§ Assignment: Start the copy at the line holding "En Venta: $425,000" and continue it exactly through the last line of the entries, leaving out pictures and anything else.

== == ==

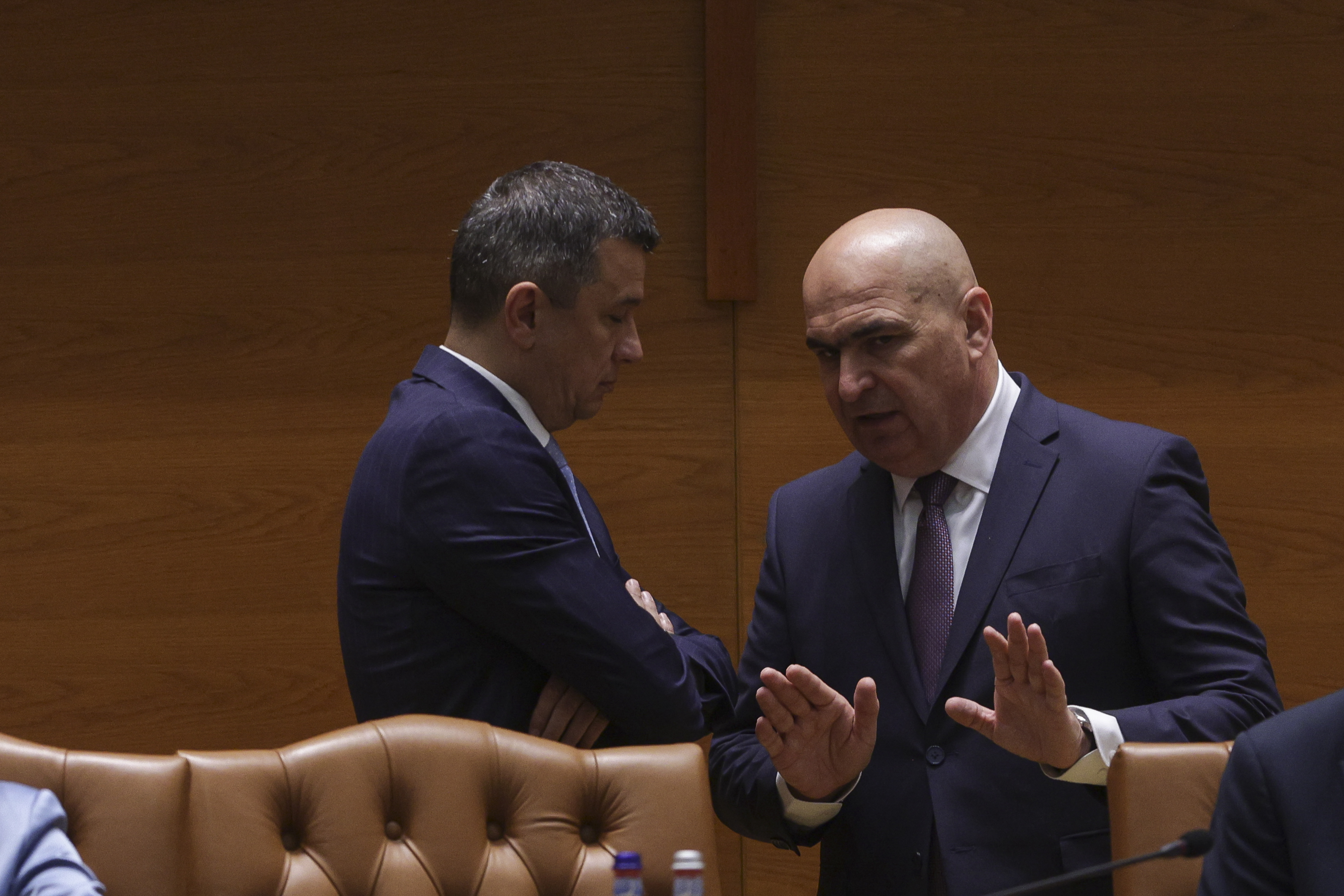Grindeanu și Bolojan - Foto: INQUAM PHOTOS / Octav Ganea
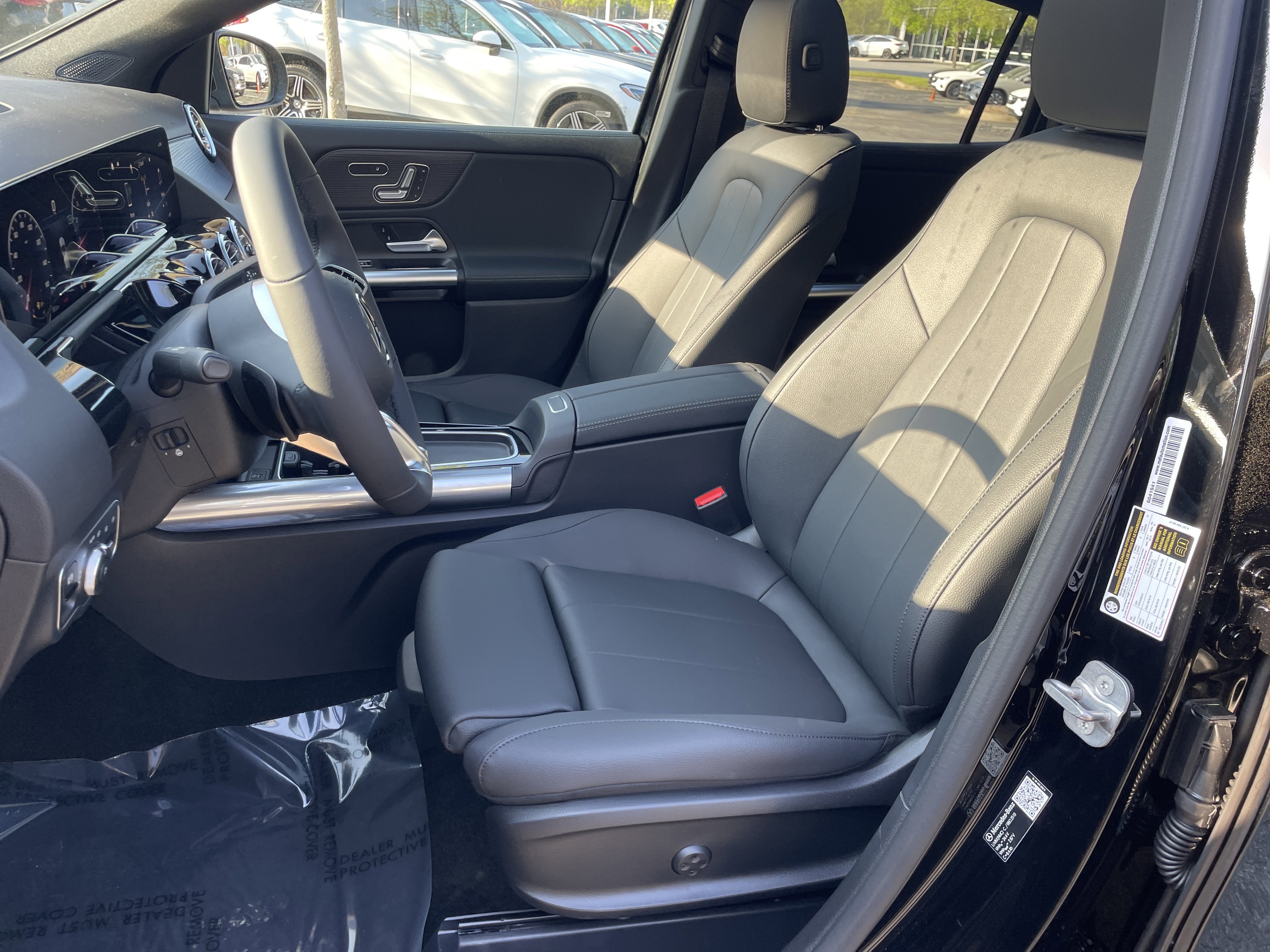 New 2026 Night Black Mercedes-Benz GLA 250 SUV image 19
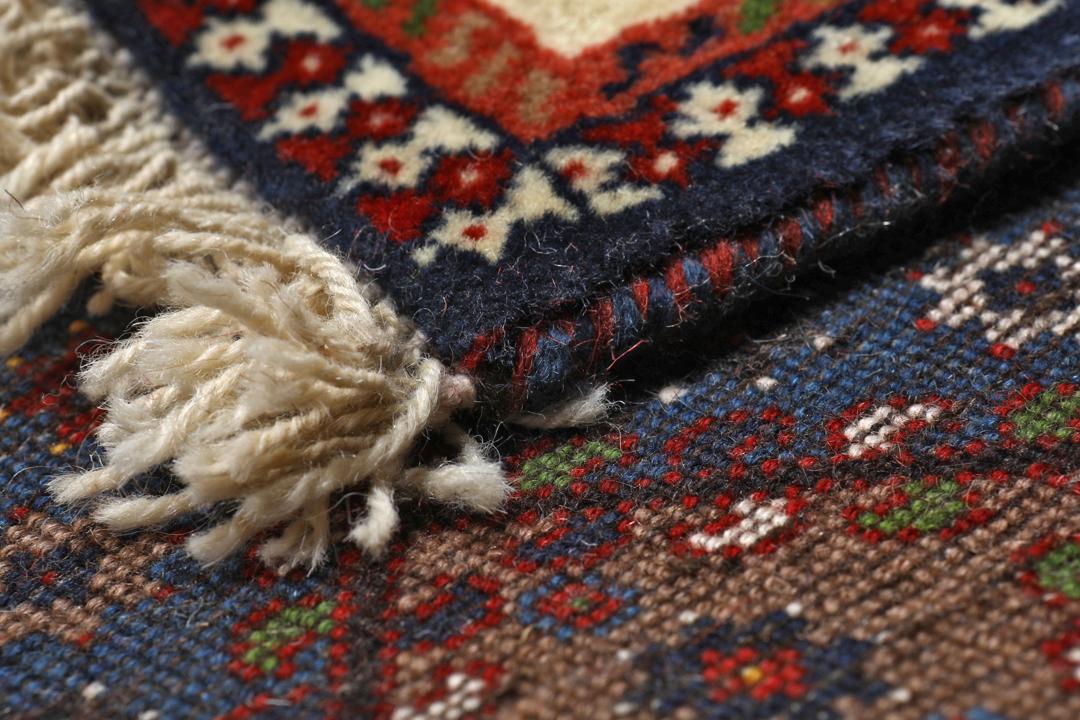 Handgeknoopt Yalameh-tapijt met geometrische patronen in meerkleurig design uit het Midden-Oosten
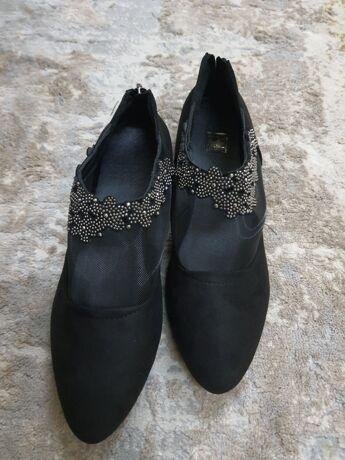 👗 Walk in Style: Breathable Leather Shoes for Any Outfit 🌈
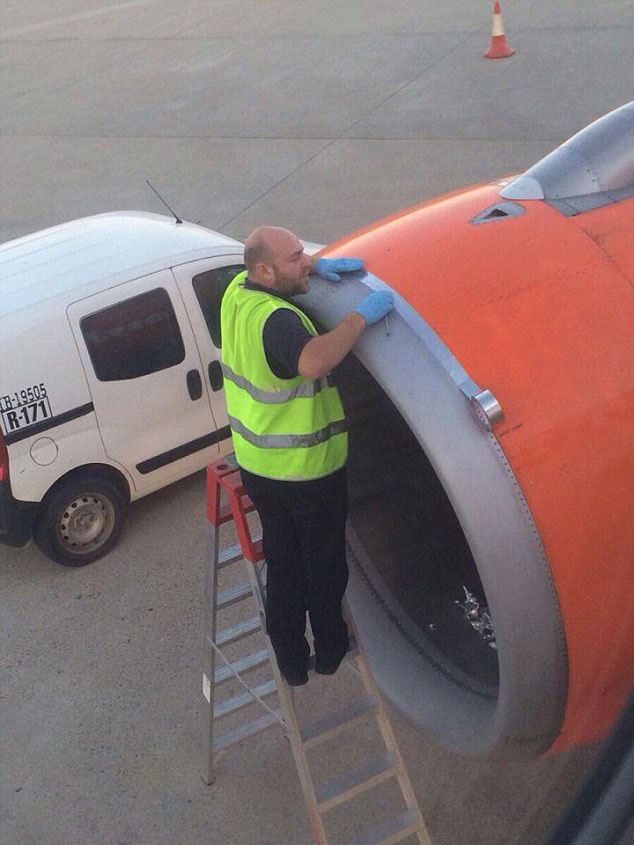 英國航空公司維修人員膠帶"粘"飛機嚇壞乘客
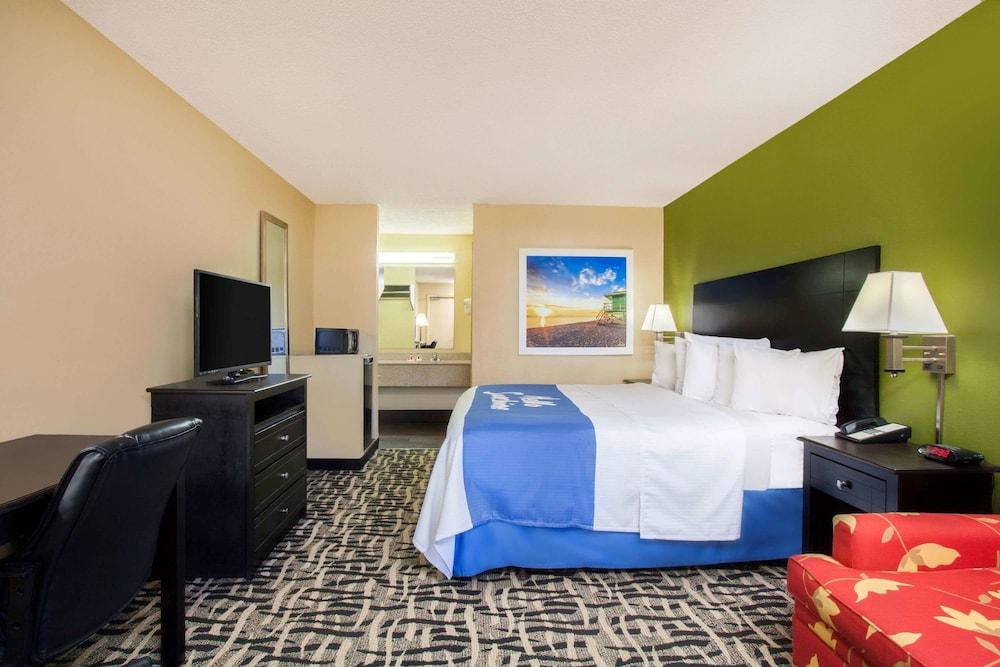 Days Inn By Wyndham Pensacola I-10 Ferry Pass Экстерьер фото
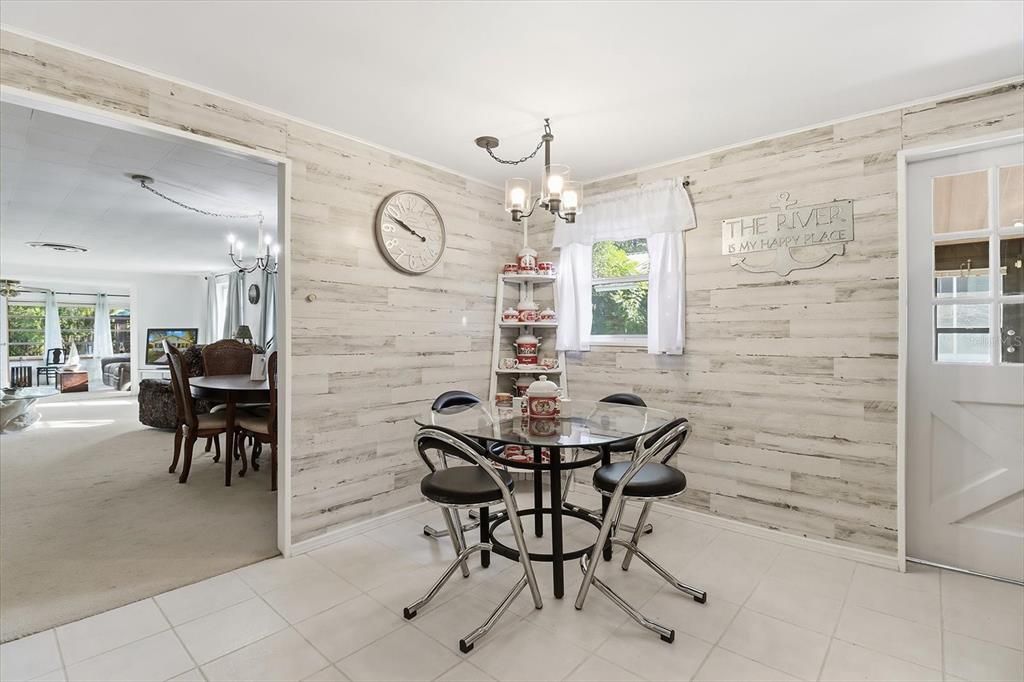 En Venta: $425,000 (3 camas, 2 baños, 2452 Pies cuadrados)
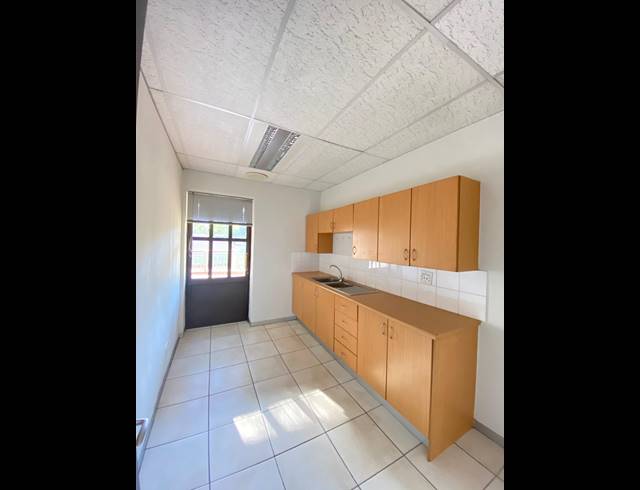 469M² OFFICE TO LET IN BRYANSTON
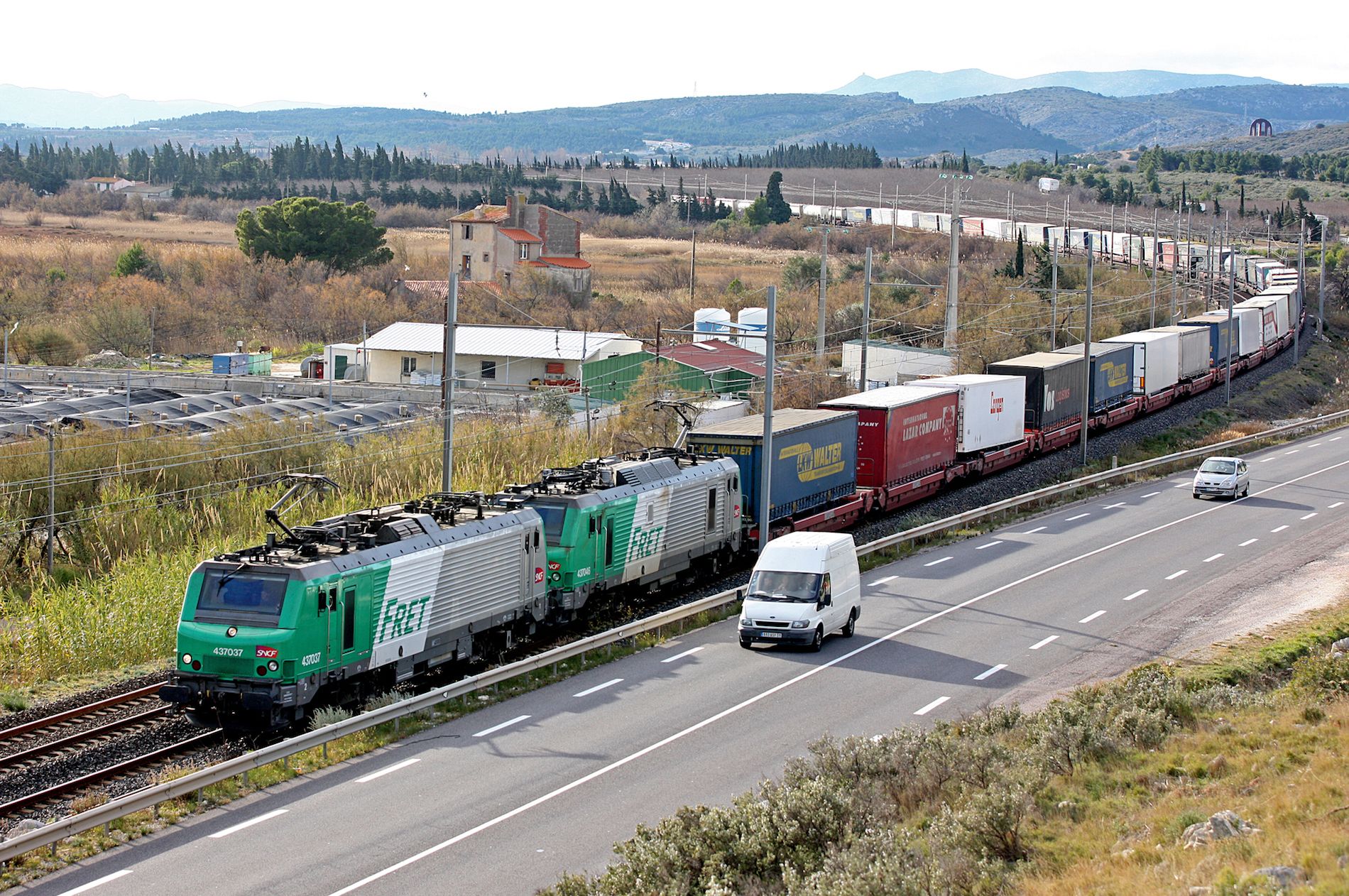 Los trenes utilizados pueden medir hasta 850 metros y transportar hasta 2.300 toneladas.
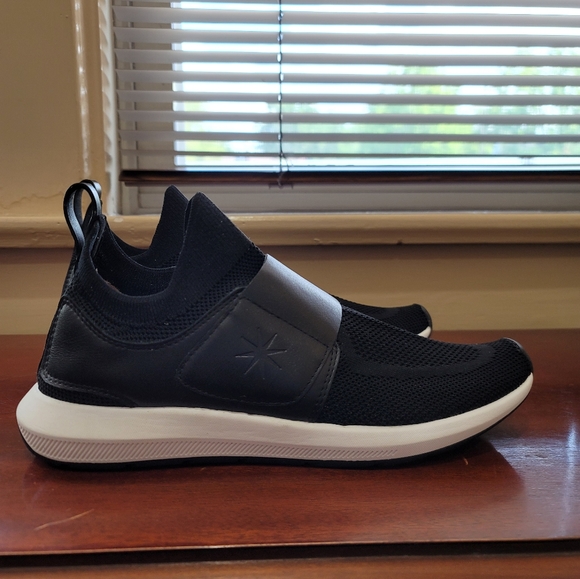 Womens MOBS Grid Set. Color: Nior/Vero Leather. Size: 8.5 Only worn a few times! - Picture 4 of 11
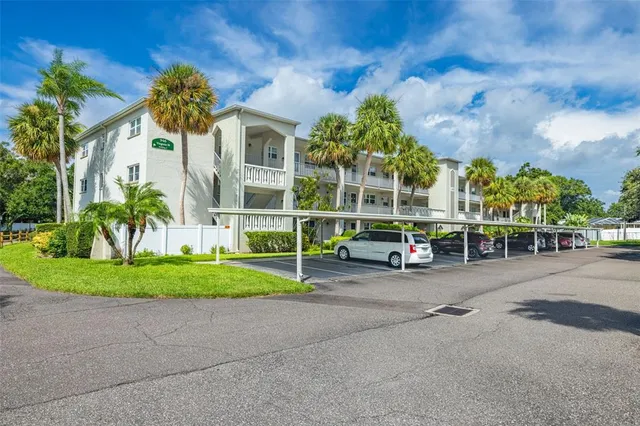 $1,650 | 946 Virginia Street, Unit 207, Dunedin, FL 34698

== == ==

§ Solution to the exercise:
 En Venta: $425,000 (3 camas, 2 baños, 2452 Pies cuadrados)
 469M² OFFICE TO LET IN BRYANSTON
 Los trenes utilizados pueden medir hasta 850 metros y transportar hasta 2.300 toneladas.
 Womens MOBS Grid Set. Color: Nior/Vero Leather. Size: 8.5 Only worn a few times! - Picture 4 of 11
 $1,650 | 946 Virginia Street, Unit 207, Dunedin, FL 34698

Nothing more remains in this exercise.